- [Required work]: Please give the whole listing again exactly, without any of its pictures.

-- Dataset section follows --

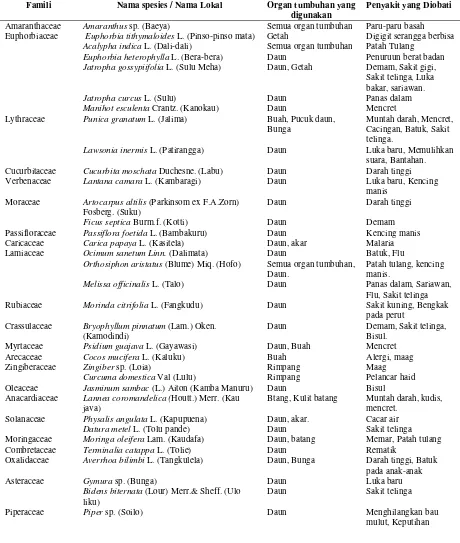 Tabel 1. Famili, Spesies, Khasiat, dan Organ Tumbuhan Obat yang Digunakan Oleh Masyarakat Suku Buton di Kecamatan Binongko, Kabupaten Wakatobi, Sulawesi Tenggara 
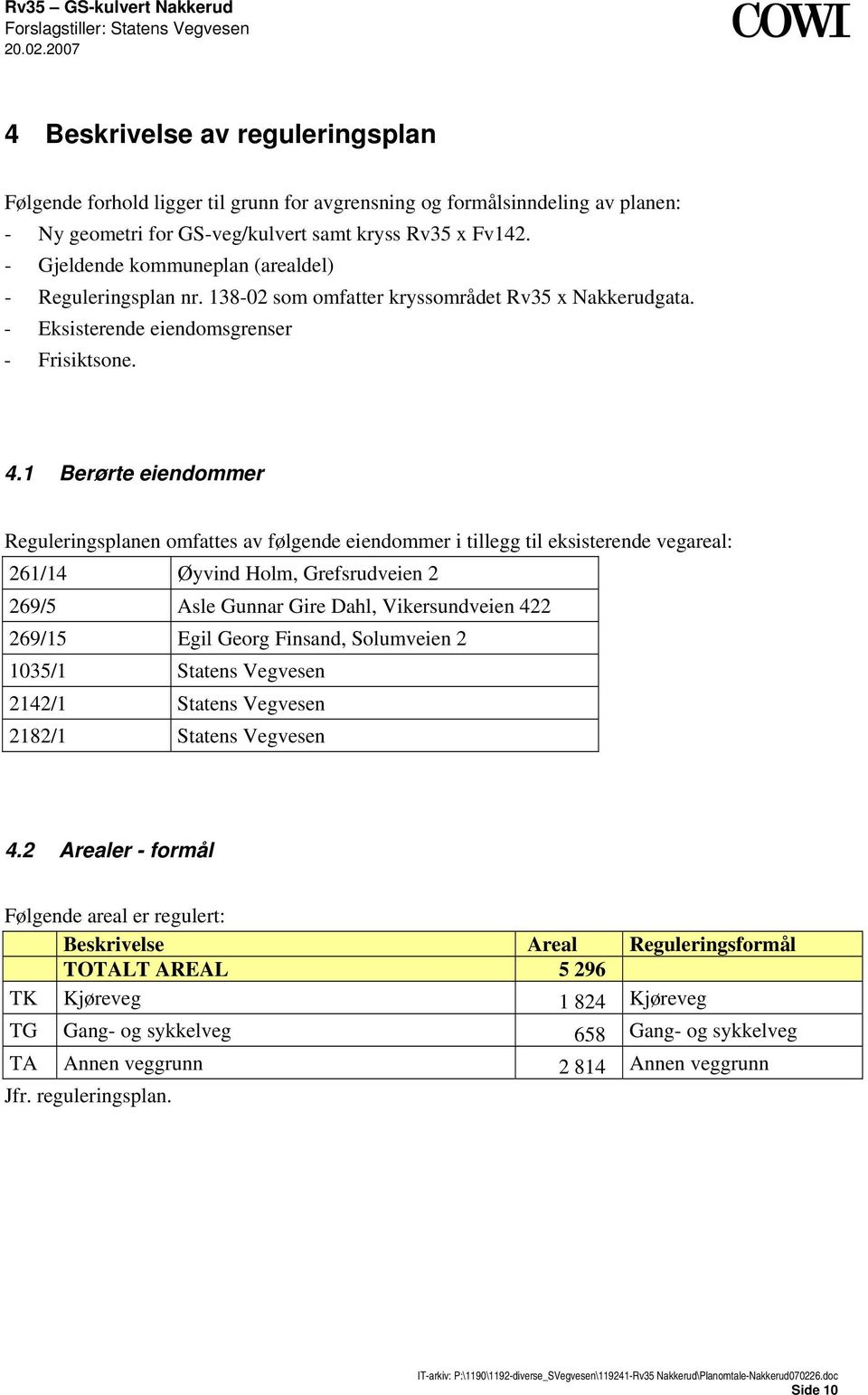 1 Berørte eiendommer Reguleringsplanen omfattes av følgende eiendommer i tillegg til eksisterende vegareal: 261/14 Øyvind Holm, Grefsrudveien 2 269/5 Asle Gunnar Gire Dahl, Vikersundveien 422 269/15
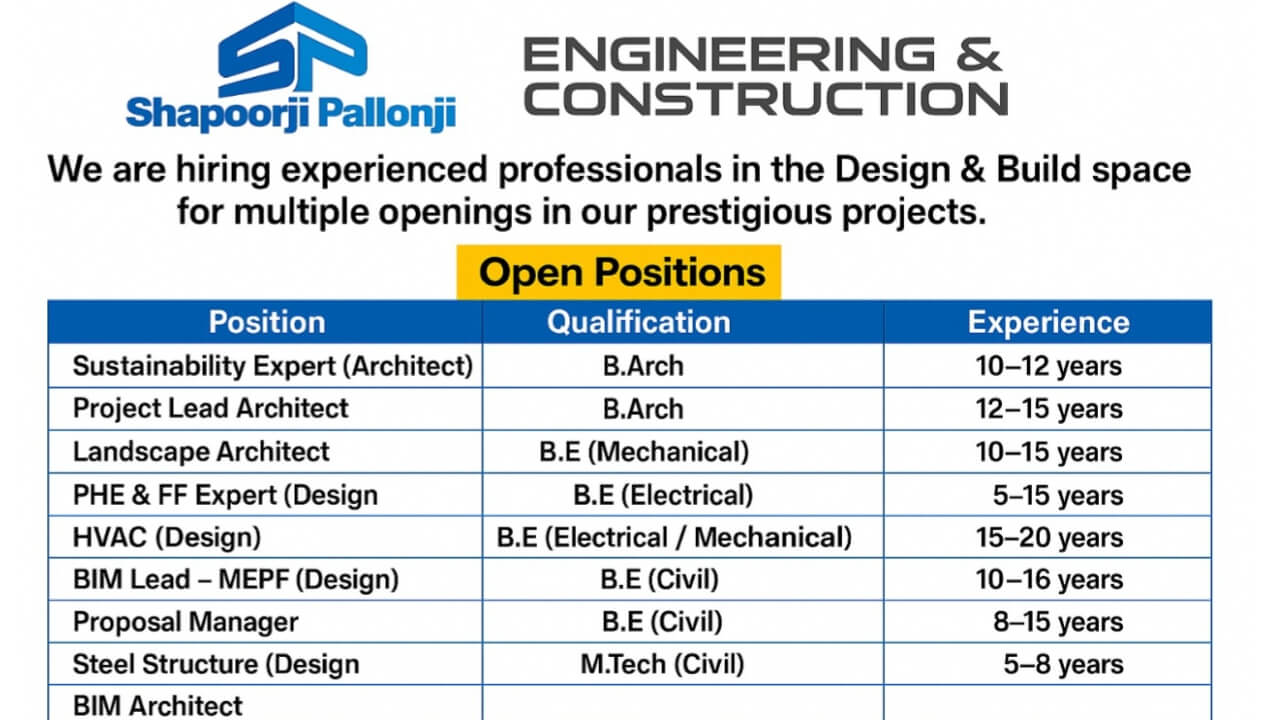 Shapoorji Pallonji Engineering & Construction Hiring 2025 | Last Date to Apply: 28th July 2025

-- Dataset section concluded --

- [Result]:
 Tabel 1. Famili, Spesies, Khasiat, dan Organ Tumbuhan Obat yang Digunakan Oleh Masyarakat Suku Buton di Kecamatan Binongko, Kabupaten Wakatobi, Sulawesi Tenggara 
 1 Berørte eiendommer Reguleringsplanen omfattes av følgende eiendommer i tillegg til eksisterende vegareal: 261/14 Øyvind Holm, Grefsrudveien 2 269/5 Asle Gunnar Gire Dahl, Vikersundveien 422 269/15
 Shapoorji Pallonji Engineering & Construction Hiring 2025 | Last Date to Apply: 28th July 2025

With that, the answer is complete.